━━━━━ MATERIAL FOR THIS EXERCISE ━━━━━

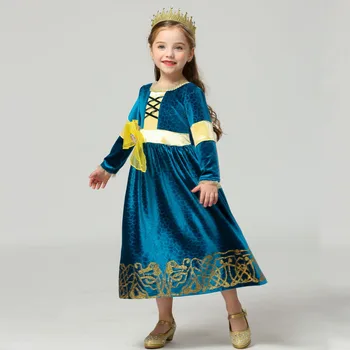 Велетовое зеленое платье принцессы с длинными рукавами и цветочным узором И большим бантом для девочек, детские платья robe fille для девочек, костюм принцессы для косплея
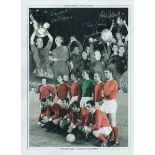 Autographed MAN UNITED 16 x 12 Montage-Edition : Colorized, depicting a montage of images relating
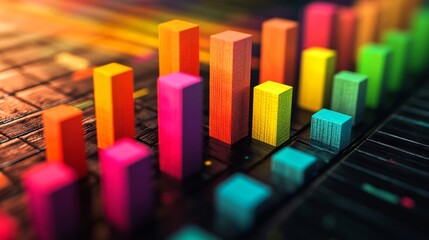 Leinwandbilder - Close-up view of a colorful D bar chart with varying heights and widths, casting shadows on a textured surface, providing depth to the data presentation.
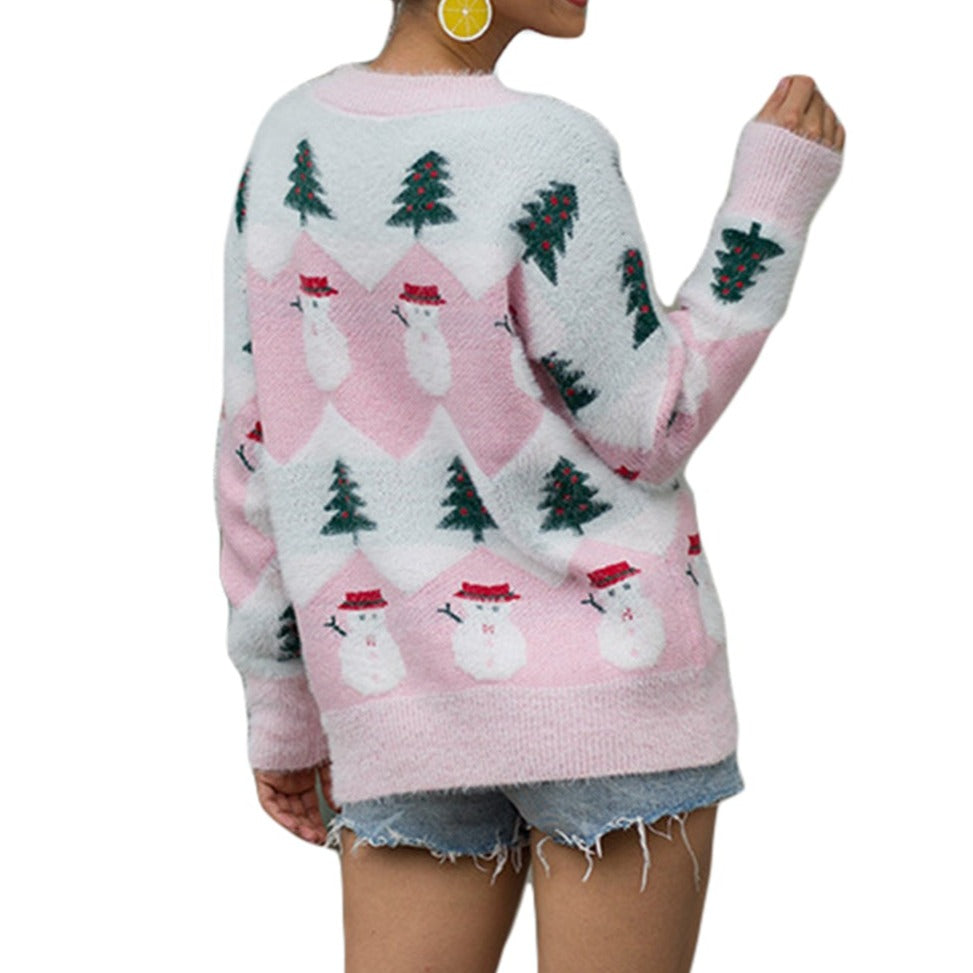 Christmas Snowman Tree Knitted Pullover Sweater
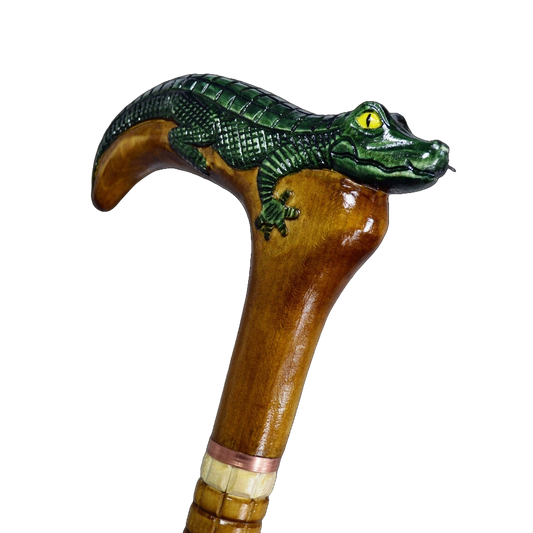 Bayou Majesty: Hand-Painted Alligator Carved Wooden Cane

━━━━━

- [THE TASK]
Extract exactly the lines above from the line containing "Leinwandbilder - Close-up" through the last one, both ends included, but not the pictures.

- [YOUR SOLUTION]
 Leinwandbilder - Close-up view of a colorful D bar chart with varying heights and widths, casting shadows on a textured surface, providing depth to the data presentation.
 Christmas Snowman Tree Knitted Pullover Sweater
 Bayou Majesty: Hand-Painted Alligator Carved Wooden Cane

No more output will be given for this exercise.